11月4日渋谷パルコで「THE NEW CONTEXT CONFERENCE 2022 Fall」が開催された。
最初のセッションに登壇したLawrence Lessig氏(ハーバード・ロー・スクール教授)は、一般にweb3に持たれている誤解や認識について指摘すると共に、「web3のブランド・マネジメント」の必要性を語り、web3が新しい民主主義の入り口であるという可能性も示した。
続くパネルディスカッションでは伊藤穰一、Lessig氏に加え、Kim Polese氏(Crowd Smart会長)、Ariel Ekblaw氏(Aurelia Institute創業CEO)、原麻由美氏(フレームダブルオー株式会社CEO)、Tim Mansfield氏(コア・コントリビューター)により「Technology and Organization Architecture」についてのパネルディスカッションが行われ、web3による企業活動の変化や新しいビジネスモデルについて、各自が知見を披露した。
※イベントの各セッションの様子はこちらの公式動画でご覧になれます。shorturl.at/fsL05
「Creative Architecture」セッションでは、映画やアニメーションフィルムの資金調達や制作の方法の変革を目指す、分散型ビデオプラットフォーム「Shibuya(Shibuya.xyz)」をローンチしたデジタルアーティストPplpleasr(ピープルフリーザー 本名Emily Yang)氏が基調講演を行った。
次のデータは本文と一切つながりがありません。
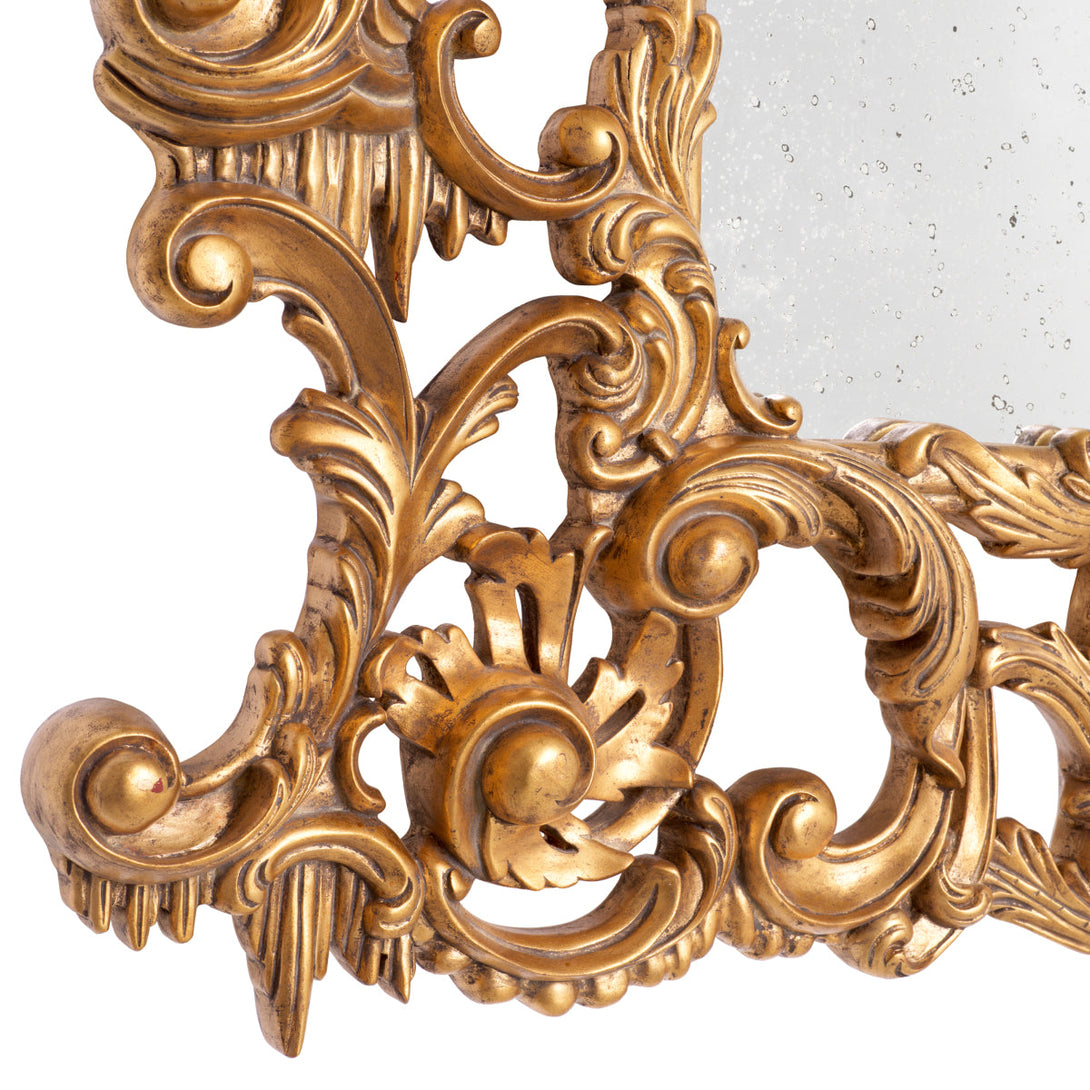 Mirror Rococo Accessories Eichholtz
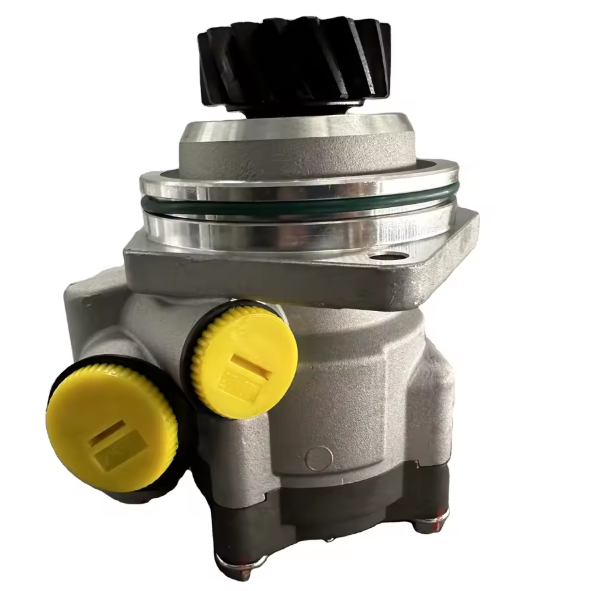 Steering system
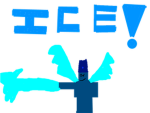 the ice warriors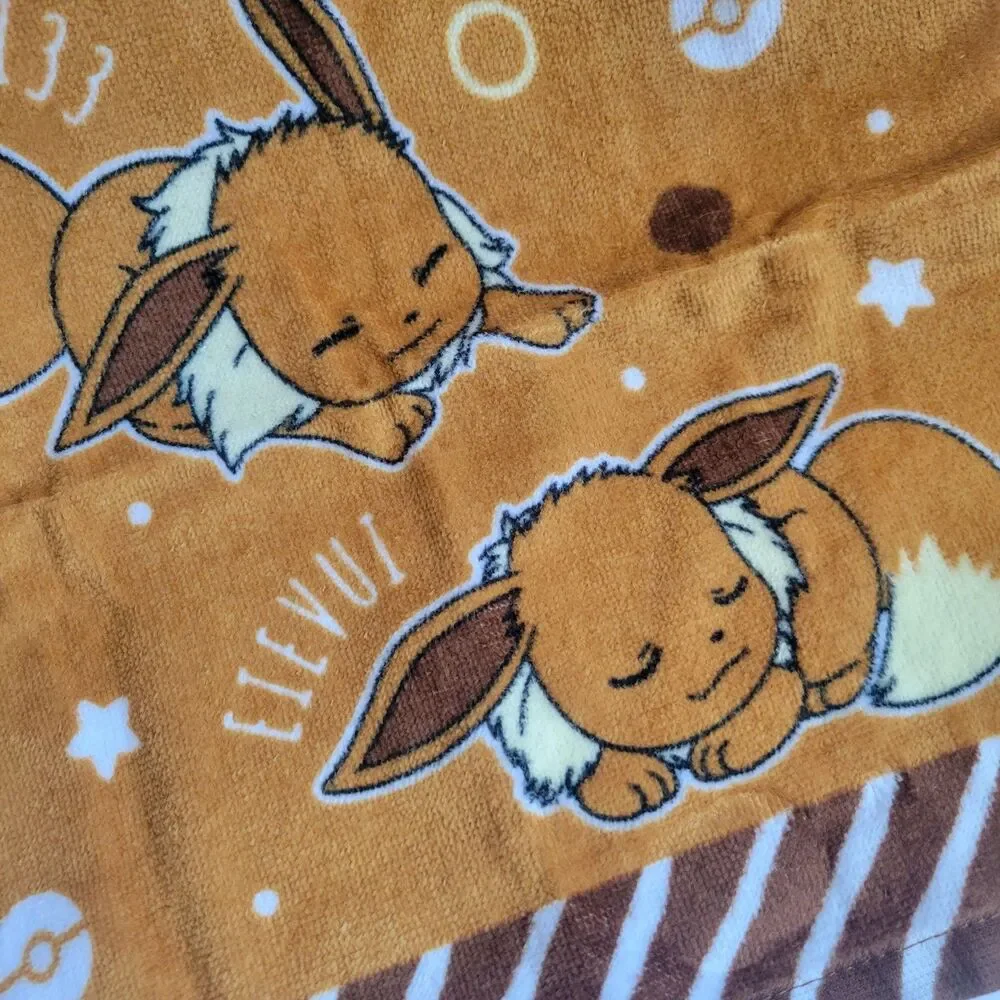 Pokemon cute unused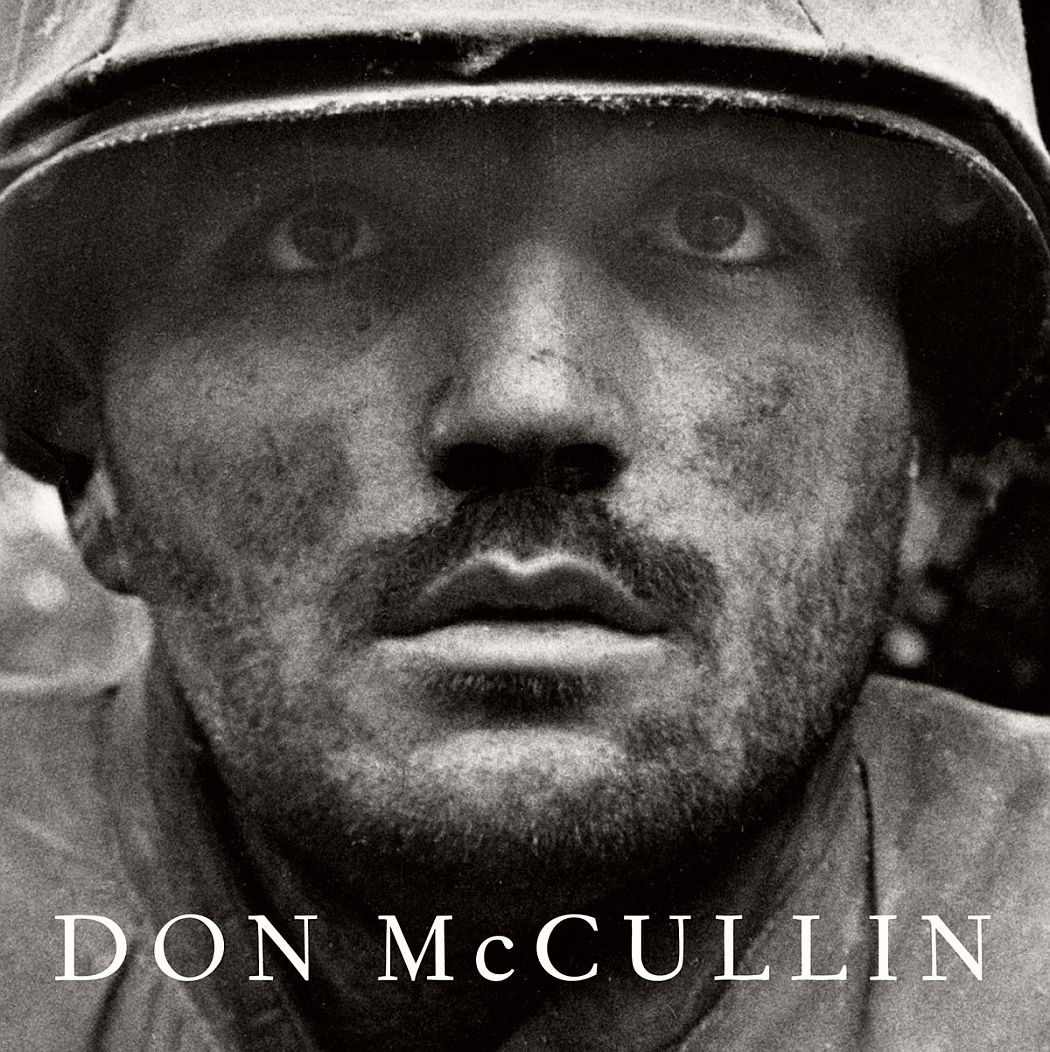 © Don McCullin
これまでは、長編作品の資金調達の方法は限られており、マーケットや映画祭で評判を得なければ、資金の調達は難しかった。そこでPplpleasr氏は、従来型の方法ではない資金調達及びクリエイター支援の方法として「Shibuya」を始めた。著名なクリエイターであるMaciej Kuciara氏の賛同も得てスタートしたこのプラットフォーム名は、むろん東京の“シブヤ”から取ったものだ。
「Shibuya」では、さまざまなコンテンツは無料で見ることができるが、ストーリーなど、コンテンツの中身、方向性に関わりたいときにはお金を支払う仕組みだ。これまで140万ドルの資金を調達できたという。Pplpleasr氏は「コミュニティによる所有こそが未来です。共通の考えを持つ個人が、さまざまなスキルや知識を持ち寄って集まり、共通の目標に向かって取り組んでいます」と述べた。
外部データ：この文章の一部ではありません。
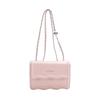 Chain Small Square Bag Spring Design Fashionable And Simple Underarm Shoulder Bag Casual Messenger Women'S Bag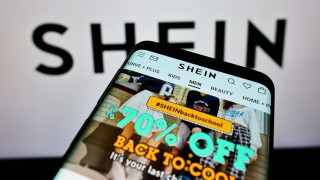 Los problemas del crecimiento: Shein y la DSA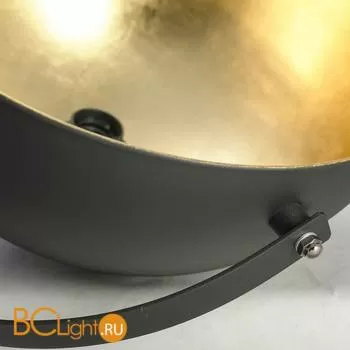 Торшер Lussole Loft Bollo LSP-9824 - Фото 0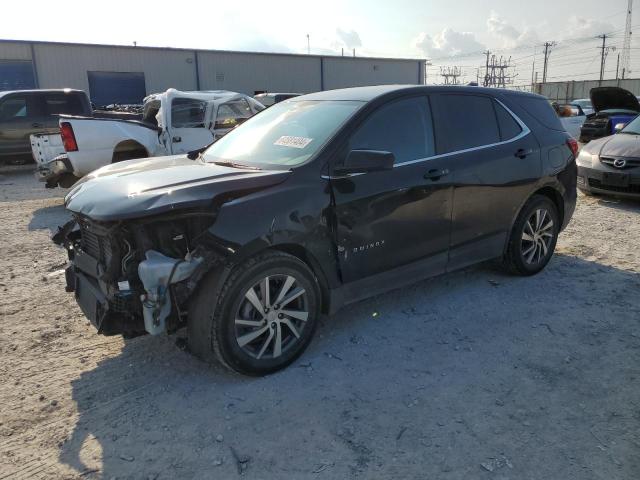 Photo 0 VIN: 3GNAXKEV1NL262286 - CHEVROLET EQUINOX LT 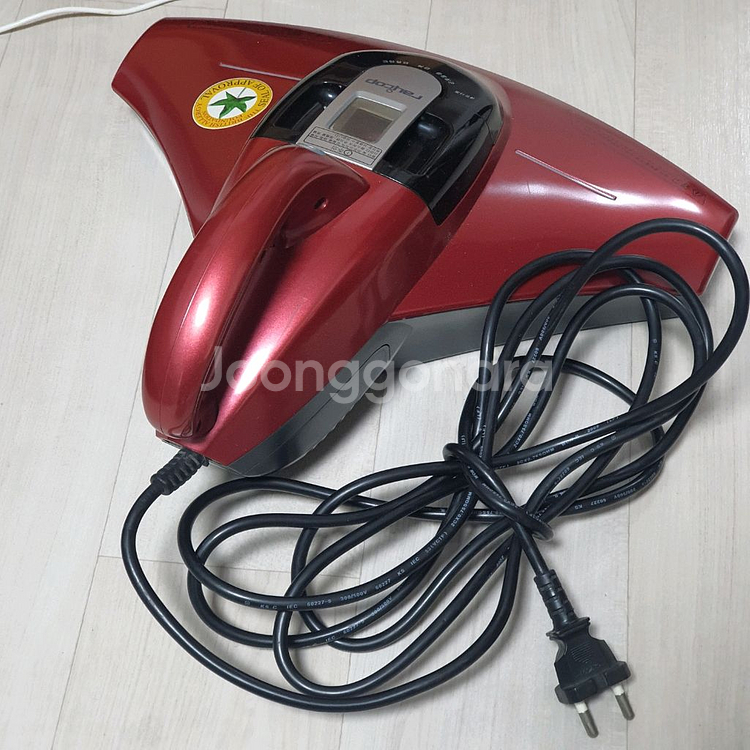 레이캅 침구 청소기 BK-200R--8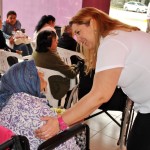 Realizan en Mante campaña de audiología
ここから伊藤穰一、Pplpleasr氏に加え、長谷部健氏(渋谷区長)、スプツニ子!氏(東京藝術大学デザイン科准教授)によるパネルディスカッションに移った。
まず、スプツニ子!氏は2010年頃のWeb2時代の自身デビュー時に触れ、作品が評判になっても制作費を集める方法はなかった、と当時を振り返った。web3によりDAOなどで資金調達ができるようになったが、同時に自身でコミュニティの運営もしなければならない。その結果、アーティストとして創作活動の時間が減ってしまうことが問題と話した。
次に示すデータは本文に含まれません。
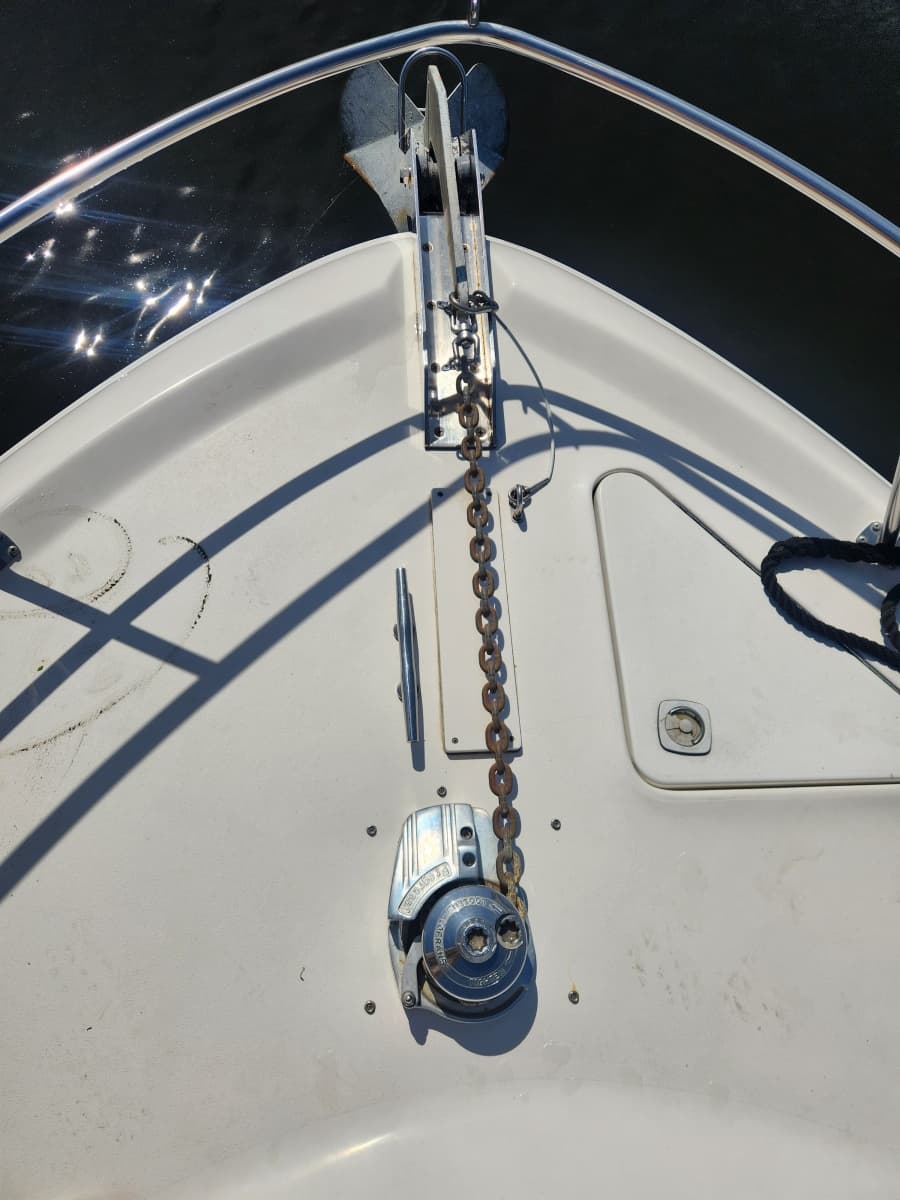 2001 Sea Ray  - Photo 6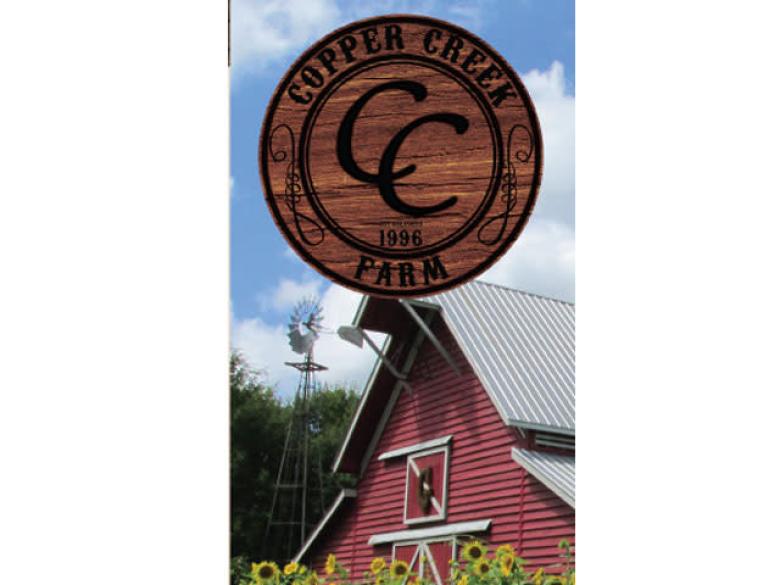 Copper Creek Farm Official Tourism & Travel site Explore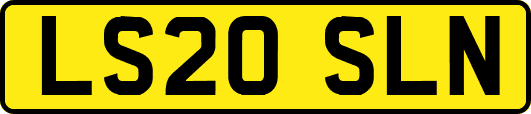 LS20SLN
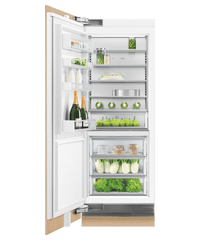 Fisher & Paykel Custom Panel Ready Refrigerator-RS3084SL1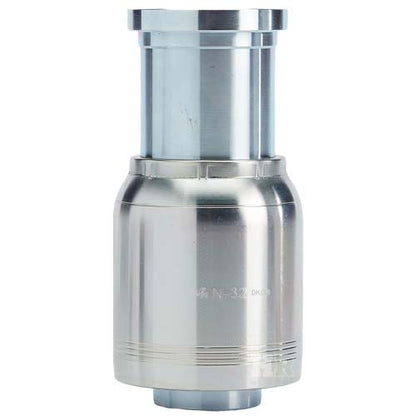 2" Code 61 Flange Hydraulic Fitting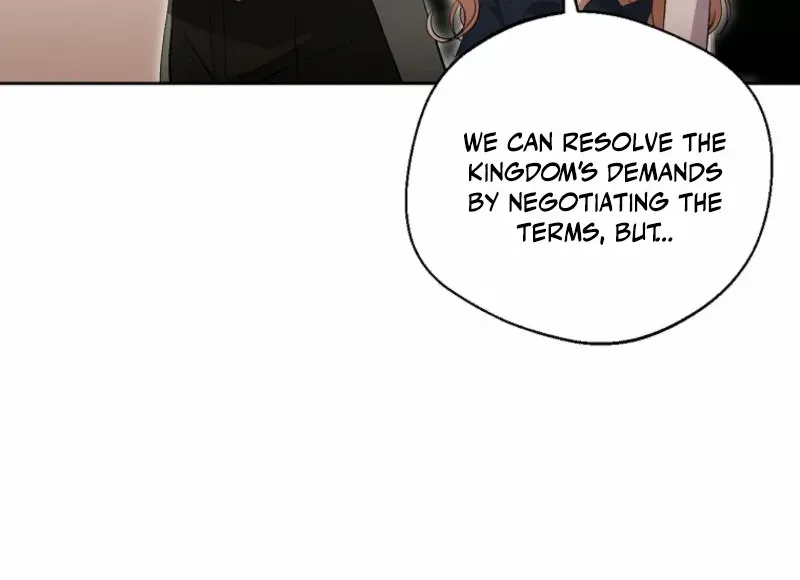 There Is No Need to be Obsessed with me Chapter 38 page 35 -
これに関してPplpleasr氏は、コミュニティを運営する人を雇うということで「自分がクリエイティブプロセスに集中できる時間を作らなくてはならない」と自身の経験を披露。「アーティストと出資者」、「制作現場と資金調達の環境」が同じプラットフォームに乗ることで混在してしまった役割は、web3草創期の問題で、今後は切り分けていく必要があるということだろう。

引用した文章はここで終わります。